Asya, yorgun ama güvenle sığınabileceği limana doğru giderken tüm bedeni bir kez daha, son bir kez daha bakıyordu ardı sıra... Hadi diyordu, hadi al götür beni. Aşk anlamazdı ne bakıştan, ne susuştan, ne de o sözsüz çağrılardan, bilmiyordu. Aşk, coşkun bir nehir misali anca çağlardı, düşünmeksizin önüne katıp yardan aşağı bıraktıklarını, yok ettiklerini, kırdıklarını fark etmeden akardı afet misali... Anlamıyordu İlyas, Asya'nın bakışını, isyanını, çığlığını. Beni terk etti, bizi yok etti, bana bunu nasıl yapar diyordu. Anlamıyordu kadın olmanın getirdiklerini, anlayamıyordu acısını Asya'nın yüreğini kavuran. Koşup kolundan tutup sevginin karşısında dikilemiyordu, cesaret edemiyordu kalıcı olmaya, sevgiye dönüşmeye gücü yetmiyordu. Benliğin yenilmişlik egosuyla onu cezalandırıyordu İlyas. Yani ironik bir şekilde Al yazmalısını cezalandırabiliyordu. Beni kaybettin deyip çekip gidebiliyordu. Halbuki sevgi, olan bitene, aşkın o sınır tanımaz halini görüşüne rağmen kucak açıyordu, koruyup kolluyordu, ısıtarak yumuşatıyordu sivrilikleri ve örtüyordu tüm günahların üzerini güneş gibi, toprak gibi...

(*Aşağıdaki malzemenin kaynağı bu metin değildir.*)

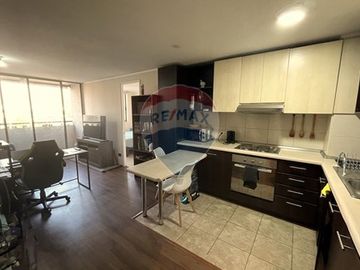 Excelente Departamento con Hall de entrada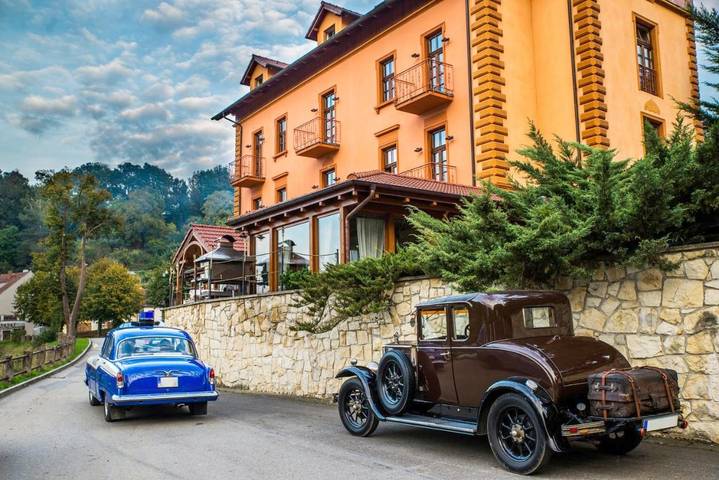 Hôtel pour 9 personnes, avec Balcon et Terrasse ainsi que Jardin et Sauna à Tábor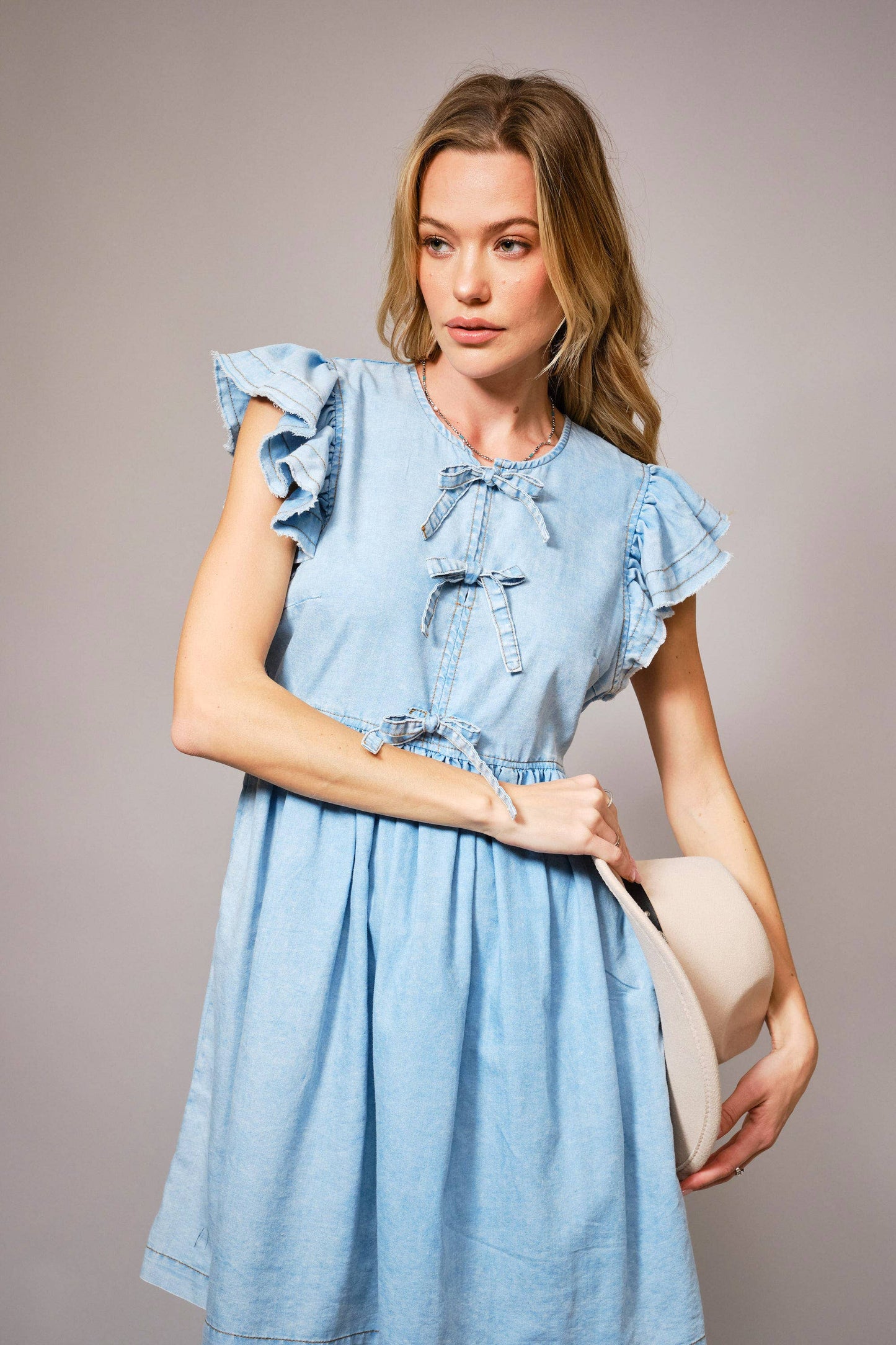 Chambray Ruffle Sleeve Bow Front Minidress: LIGHT WASH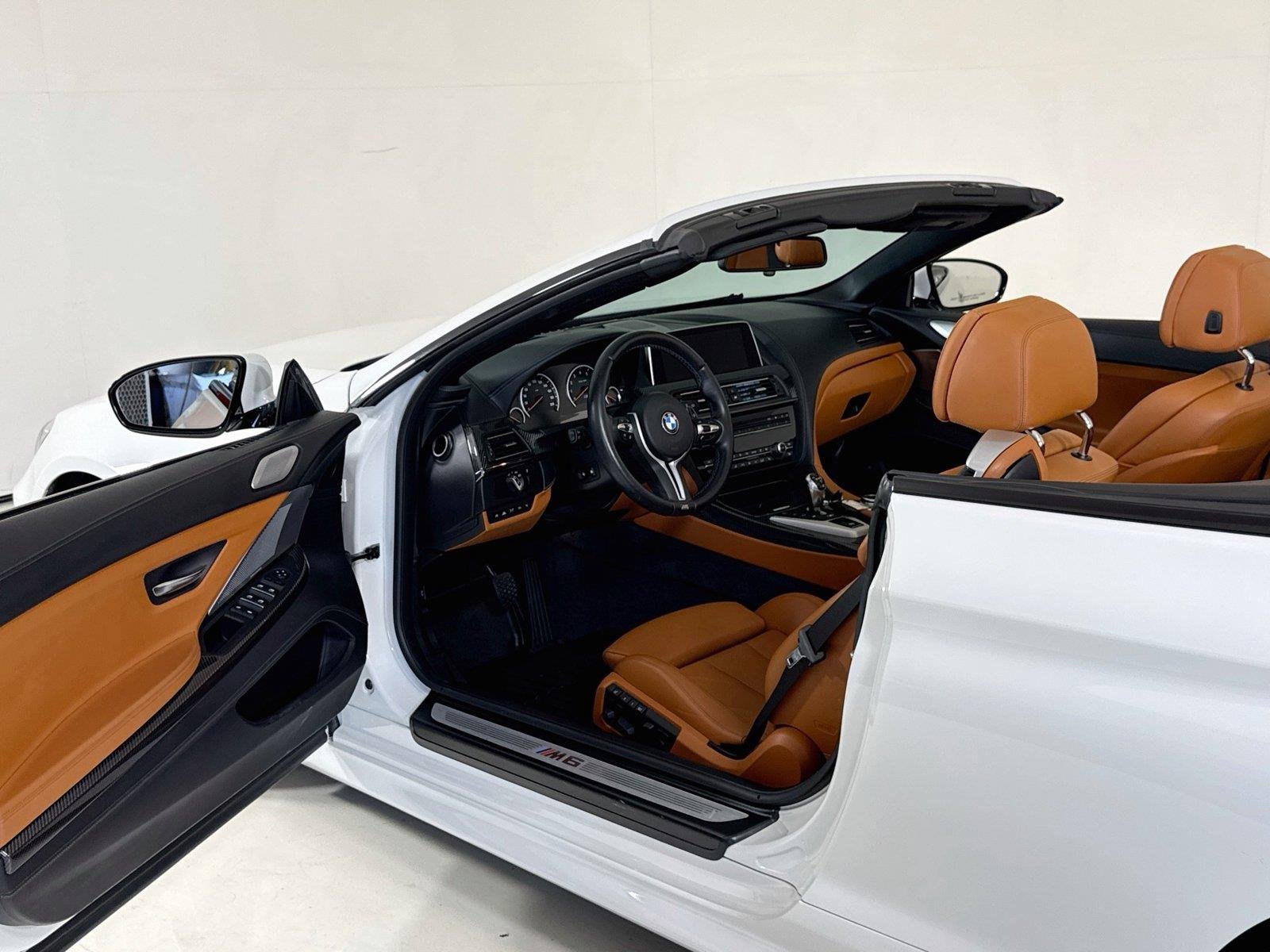 Used 2016 Alpine White BMW M6 Conv Competition Pkg | Executive Pkg | Night Vision image 12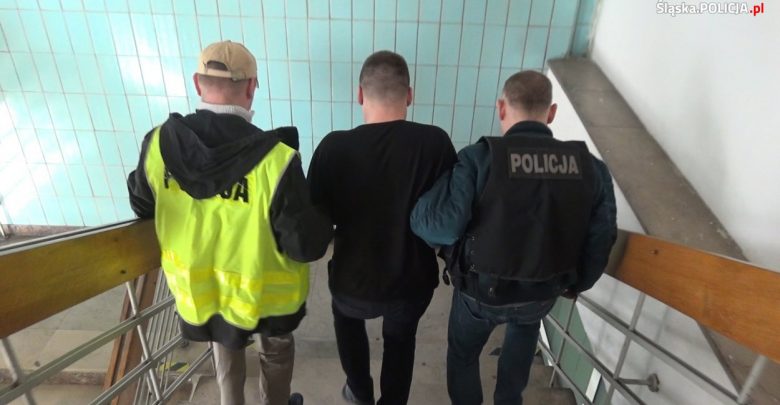 Śląskie: Policja uderzyła w kiboli! Przejęła narkotyki za 2 mln złotych, rozbiła dwa gangi! [WIDEO] (fot. Śląska Policja)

Enfes dizelerinde Murathan Mungan'ın yıllar sonra dediği gibi; Asya'nın aşkı kendini temize çekiyordu Cemşit'in sevgisinin yanında ve İlyas, anlayamayan tüm kazananlar gibi terk edip gidiyordu*...

Aşk, İlyas'ın öfkesinde yıllar boyu kadını suçlayarak bir ömrü yakarken, sevgi ise birlikteliğin sevincini, zamanın iyileştiriciliğiyle yoğuruyor ve böylesi bir vakur duruşla bir daha asla kadının suratına "sen aslında beni değil hep onu sevdin" diye vurmazken, tam aksine "sana nefes veren o aşkı değil beni seçtin" diyerek her geçen gün kadınını daha çok seviyor, daha çok benimsiyor ve daha çok ruhuna katıyordu... Birbiriyle bir daha kesişmemek üzere ayrılırken yollar, aslında ele ele o 3 kişi bağıra çağıra bize tam olarak bunu anlatıyordu...

Kadın saygıyla büyüyor, sevgiyle çoğalıyor ve aşkla tamamlanıyordu.
Yani aslında sanıldığının aksine, sabırla ve sadakatle işlendiğinde birliktelik, kadın hiç olmadığı kadar aşka doyuyordu... Ve tabiki yanındaki adamı kendi doygunluğunca mutlu ediyordu.
Belki de ben hala bu çağların olmayan bir yaklaşımla aşkı böyle tanımlayıp/böyle yaşamaya çalışıyordum..
Kim bilir...
Hep söylediğimiz gibi kim neyi bilebilir ki zaten, aşkı bilmeye teşebbüs edebilsin?....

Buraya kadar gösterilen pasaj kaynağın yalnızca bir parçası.